動物に追いかけられ、路地を先に抜けられると首がすげ変わるという噂が蔓延。
―――――(略)
恐慌状態とみられるA高校の生徒を確認。
機関により該当の地区および、被害者の隔離処理を提案される。
却下。
調査の結果、具体的な被害者は確認できず。
一部の地区が異常化するケースが確認され機関の進言もありX号事件として扱ったが、実害はなく学校に怖い噂が広がったことによる集団ヒステリーに近い物と思われる。
―――――(略)
[所感]
そも、被害者は学生たち子供だ。
彼ら彼女らに対する処理は人道的見地から許可できるものではない。
今回のことは思春期の少年少女が見た青春の幻のようなもの。
仲間と一緒に不思議な体験をできたと、大人になった時に思い出となっていることだろう。
―――――(略)
◆
その日も放課後にボク、音無恒一は学校で友人とくだらない話に花を咲かせていた。
「聞いてくれよ恒一~。
これは本当にあった話なんだって!」
「いや、本当にあったら、噂にもならないんじゃないかな?」
隣の席の友人がボクに話を聞いてくれと絡んできた。
毛深い彼の顔がボクの頬に当たりちくちくする。
話の内容はよくある怪談、たまに流行る出所不明の噂話だ。
「なんだっけ? 路地裏で声をかけてくるお化けが追いかけて来て、追いつかれると死んじゃうんだっけ?」
「違うよー! 全然違うよー!!」
友人は大げさに身振り手振りを交え、時折ハァハァと息をつきながら、ボク相手に自身が仕入れて来た噂話を語るのだ。
「ほら、学校の通り道にさ、近道あるじゃんね」
「うん、ボクも…というか遅刻しそうなときはみんな使ってる道だよね」
「そうそう、そこでさ、夕方にさ、動物の声がするとさ、追いかけて来るんだよ」
「え~とどういうこと?」
要領を得ない友人を適当に相手をしながら、手元で宿題を進める。
宿題は学校にいる間に済ませるのが一番無駄がないのだ。
「っていう話なんだよー!」
「うんうん、凄いね」
友人は要領を得ず無駄に長い話を吐き出して満足そうだ。
彼の語った怪談・噂話はこうである。
曰くネコの首路地。
学校の生徒がよく使う路地。
黄昏時にそこを通ると”いつもとは違う路地”に迷い込んでしまうというのだ。
その路地は一本道だが、周りからは猫たちの鳴き声が響き渡る。
足を踏み入れた人間は後ろからの声に振り向くと動物の悪霊に襲われるのだという。
そして悪霊に路地を先に抜けられた場合はその人間は悪霊に体を入れ替えられ、動物の体に人間の首を挿げ替えられ、悪霊は人間の体を貰っていくのだ。

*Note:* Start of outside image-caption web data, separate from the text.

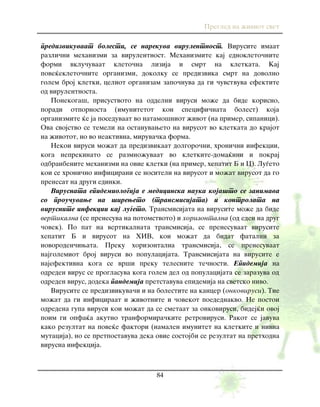 Pregled na `iviot svet
84
predizvikuvaat bolesti, se narekuva virulentnost. Virusite imaat
razli~ni mehanizmi za virulentnost. Mehanizmite kaj ednokleto~nite
formi vklu~uvaat kleto~na lizija i smrt na kletkata. Kaj
pove}ekleto~nite organizmi, dokolku se predizvika smrt na dovolno
golem broj kletki, celiot organizam zapo~nuva da gi ~uvstvuva efektite
od virulentnosta.
Ponekoga{, prisustvoto na oddelni virusi mo`e da bide korisno,
poradi otpornosta (imunitetot kon specifi~nata bolest) koja
organizmite }e ja poseduvaat vo natamo{niot `ivot (na primer, sipanici).
Ova svojstvo se temeli na ostanuvaweto na virusot vo kletkata do krajot
na `ivotot, no vo neaktivna, miruva~ka forma.
Nekoi virusi mo`at da predizvikaat dolgoro~ni, hroni~ni infekcii,
koga neprekinato se razmno`uvaat vo kletkite-doma}ini i pokraj
odbranbenite mehanizmi na ovie kletki (na primer, hepatit B i C). Lu|eto
koi se hroni~no inficirani se nositeli na virusot i mo`at virusot da go
prenesat na drugi edinki.
Virusnata epidemiologija e medicinska nauka koja{to se zanimava
so prou~uvawe na {ireweto (transmisijata) i kontrolata na
virusnite infekcii kaj lu|eto. Transmisijata na virusite mo`e da bide
vertikalna (se prenesuva na potomstvoto) i horizontalna (od eden na drug
~ovek). Po pat na vertikalnata transmisija, se prenesuvaat virusite
hepatit B i virusot na HIV, koi mo`at da bidat fatalni za
novoroden~iwata. Preku horizontalna transmisija, se prenesuvaat
najgolemiot broj virusi vo populacijata. Transmisijata na virusite e
najefektivna koga se vr{i preku telesnite te~nosti. Epidemija na
odreden virus se proglasuva koga golem del od populacijata se zarazuva od
odreden virus, dodeka pandemija pretstavuva epidemija na svetsko nivo.
Virusite se predizvikuva~i i na bolestite na kancer (onkovirusi). Tie
mo`at da gi inficiraat i `ivotnite i ~ovekot poedednakvo. Ne postoi
odredena gupa virusi koi mo`at da se smetaat za onkovirusi, bidej}i ovoj
poim gi opfa}a akutno tranformira~kite retrovirusi. Rakot se javuva
kako rezultat na pove}e faktori (namalen imunitet na kletkite i nivna
mutacija), no se pretpostavuva deka ovie sostojbi se rezultat na prethodna
virusna infekcija.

路地を抜けた悪霊はそのままその人間を乗っ取ってしまい、周りの人間はそのことに気が付くことはなく、体を奪われた人間は人面動物として一生を過ごすことになるのだ。
そんなネットを探せば転がっていそうな怪談話。
確かにあそこは野良猫が多いので、猫のにゃーにゃーと叫ぶ声はよく聞こえる。
学校に遅くまで残っていたら、そんな怖い話でも思いつく人がいてもおかしくはない。
「それじゃあ、入れ替わられても誰も気が付けないなら、噂にもならないんじゃない?」
「そうだよなー、オレが入れ替わってても誰も気が付かないよなー」
「この学校のみんなが通っている訳だし、本当ならもっと大事になってるんじゃない?」
「それもそうか…。
じゃあ、オレは部活に行ってくるよ!」
そう言って友人はその毛深い顔を手で拭うと、頭の上の耳を動かしながら元気に去って行った。
ボクも彼の話を聞くために、学校に残っていただけなので、荷物を鞄にまとめる事とする。

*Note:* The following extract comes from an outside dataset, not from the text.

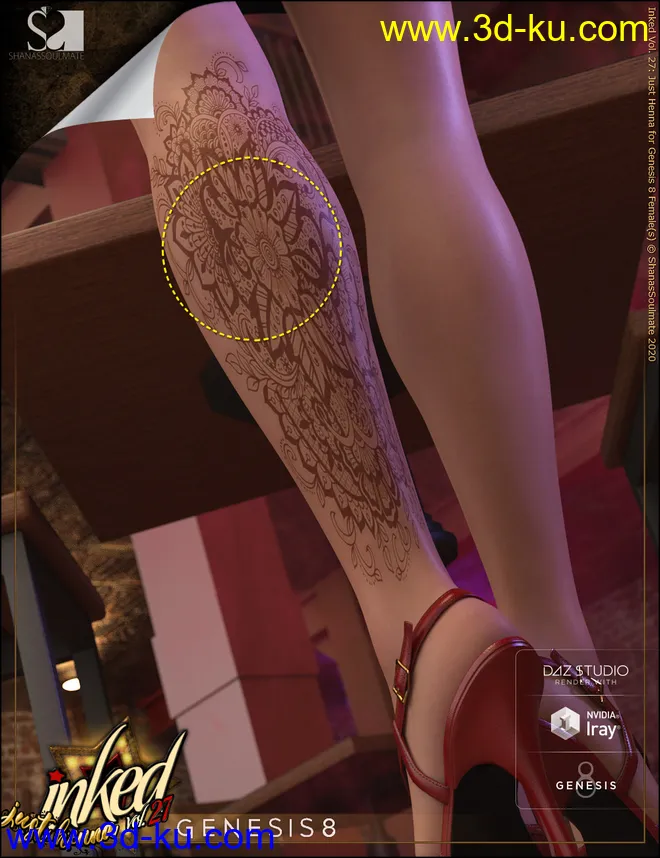 Inked Vol. 27 - Just Henna for Genesis 8 Females模型的图片13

「音無君! もし良かったら帰りに私と一緒にネコの首路地に行ってくれない?」
自分の席で帰り支度をしている時に、座っているボクの上から声がかかった。
ボクが顔を上げると可愛らしいシュシュとヘアバンドでまとめている、丁寧に手入れをされた腰まで届く亜麻色の髪が目に映る。
年頃の女の子らしくよく手入れをしたのだろう白い肌におっとりとした目元。
クラスメイトの姫野詩織がボクに声をかけてきた。
◆
「付き合ってもらってごめんね、音無君」
「いや、ボクも帰り道こっちだし気にしないで」
ボクたちは帰りの支度をして学校を発ち、ネコの首路地に向かっていた。
なんでも姫野さんの飼っている猫が家から脱走してしまったそうだ。
ずっと家で暮らしていた猫で、チラシを配ってまでその迷い猫を探していたのだという。
それに運の悪いことに姫野さんの仲の良い友人達は、部活や委員会の仕事で今日は忙しく、それなら顔見知りで帰り道に猫の首路地を通るボクに声がかかったのだ。
「それでその猫ちゃんがこの辺りにいる…と」
「うん! あの子を見たって人が教えてくれたの!
ネコの首路地には猫さんたちも集まっているみたいだから、もしかしたらそこで暮らしているのかも」
「ずっと家でご飯を貰っていたのなら、野生でやって行けるか心配だものね」
「そうなの、早く見つけてあげないと」
そういって姫野さんはボクに街で配っていたというチラシを見せてくれた。
そこにはいかにもお金持ちが飼っていそうなモコモコして気難しそうな猫の写真が写っていた。
飼い猫を思い心配そうにする姫野さん。
クラスの男子からも人気が高く、こんな時の憂い顔すら可愛らしい。
「あ、こっちが猫の首路地の方だね」
「へー、この路地裏に入るんだ」
路地に入る前にふと、先程友人が話していた馬鹿な話を思い出す。
ふと嫌な予感がして周りを見渡すと、ボクらの後ろの方にも普通に同じ学校の生徒がこちらに歩いて来ているのを見かけた。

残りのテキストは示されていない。